BTW, thanks for your kind words. I took the managing of both lists on myself because I did not want the efforts of Kirk, which have resulted in creating two very successful international lists, will go astray. I hope that the atmosphere in both lists will be as co-operative and friendly as is has been most of the time during four last years.

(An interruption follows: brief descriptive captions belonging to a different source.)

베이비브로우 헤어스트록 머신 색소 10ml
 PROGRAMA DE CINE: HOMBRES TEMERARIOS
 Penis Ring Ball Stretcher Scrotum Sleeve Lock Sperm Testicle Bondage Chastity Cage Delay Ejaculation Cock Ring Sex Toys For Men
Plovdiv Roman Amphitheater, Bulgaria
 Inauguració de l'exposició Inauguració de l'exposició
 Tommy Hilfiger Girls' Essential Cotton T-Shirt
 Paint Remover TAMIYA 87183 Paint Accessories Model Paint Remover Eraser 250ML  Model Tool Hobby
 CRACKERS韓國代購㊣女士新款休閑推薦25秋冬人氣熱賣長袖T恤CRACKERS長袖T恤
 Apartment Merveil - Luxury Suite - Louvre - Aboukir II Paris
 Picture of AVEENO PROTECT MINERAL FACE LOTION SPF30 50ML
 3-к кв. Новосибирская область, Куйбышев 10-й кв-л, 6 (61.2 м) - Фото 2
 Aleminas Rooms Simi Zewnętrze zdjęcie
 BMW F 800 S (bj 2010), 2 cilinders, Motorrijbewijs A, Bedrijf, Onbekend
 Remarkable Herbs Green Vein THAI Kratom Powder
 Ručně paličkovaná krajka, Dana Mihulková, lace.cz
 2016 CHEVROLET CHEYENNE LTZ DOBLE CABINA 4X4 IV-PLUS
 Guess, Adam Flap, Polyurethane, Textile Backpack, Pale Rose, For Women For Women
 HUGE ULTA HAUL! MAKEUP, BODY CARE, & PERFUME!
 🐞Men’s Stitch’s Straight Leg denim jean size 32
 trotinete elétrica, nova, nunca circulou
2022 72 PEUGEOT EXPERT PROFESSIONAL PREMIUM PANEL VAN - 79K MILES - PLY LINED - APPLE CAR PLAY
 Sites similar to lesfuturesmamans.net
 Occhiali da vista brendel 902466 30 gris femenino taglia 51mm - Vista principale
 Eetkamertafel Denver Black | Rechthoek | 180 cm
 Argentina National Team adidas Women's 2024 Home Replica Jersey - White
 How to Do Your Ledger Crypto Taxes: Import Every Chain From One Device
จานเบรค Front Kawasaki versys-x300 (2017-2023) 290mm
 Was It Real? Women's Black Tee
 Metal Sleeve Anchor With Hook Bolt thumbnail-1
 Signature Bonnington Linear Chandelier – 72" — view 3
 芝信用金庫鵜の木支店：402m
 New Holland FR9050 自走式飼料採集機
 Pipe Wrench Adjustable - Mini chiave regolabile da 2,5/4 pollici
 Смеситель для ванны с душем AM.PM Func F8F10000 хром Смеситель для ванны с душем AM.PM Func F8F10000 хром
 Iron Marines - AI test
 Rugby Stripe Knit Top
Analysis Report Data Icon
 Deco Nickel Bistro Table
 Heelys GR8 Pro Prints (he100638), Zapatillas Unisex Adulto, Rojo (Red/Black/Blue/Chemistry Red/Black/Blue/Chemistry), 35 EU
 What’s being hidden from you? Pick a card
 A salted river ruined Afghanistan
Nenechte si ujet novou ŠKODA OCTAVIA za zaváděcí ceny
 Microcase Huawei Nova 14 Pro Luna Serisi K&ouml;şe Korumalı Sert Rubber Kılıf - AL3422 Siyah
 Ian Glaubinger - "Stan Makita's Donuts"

Bradley Lehman wrote (November 13, 2003):
Thomas Radleff wrote:
< (...) I don´t think that we can build up the rule that a later
approach is "worse" than its precedessors; it depends on so many circumstances,
as you pointed out: the magic (or not) of the recording session, the technical equipmet & engineers, the space, the stomach or whatever. As soon as example of a good second sight comes to my mind, I will tell. I agree with you regarding Bylsma - but the instruments are sooo different: his Gofriller cello in 1979, and this famous Stradivarius in 1992. For the Goldbergs, I prefer Tatjana Nikolayeva´s Moscow
recording from 1970 - it is much more compact and characterful than the 1992
Hypérion disc. Same thing with Leonhardt´s earlier Art of Fugue... >
Interesting! I prefer Leonhardt's later (dhm) recording of KdF to the earlier Vanguard. His touch is more controlled, more richly nuanced, and (probably not an independent factor) he's using a much better harpsichord.

Ditto for my preference of his third (of 3) recording of the Goldbergs.

And Wispelwey's second recording of the solo cello suites: more freedom, more nuance.

On the other hand, Gould's 1981 Goldbergs will probably never pass the 1959 and 1955 in my estimation, even though they now sound better in the "A State of Wonder" set. He was more thoughtful in 1981, yes (as Nessie said), but also more rigid...I miss the sense of play from his earlier ones, the joy, the brinkmanship.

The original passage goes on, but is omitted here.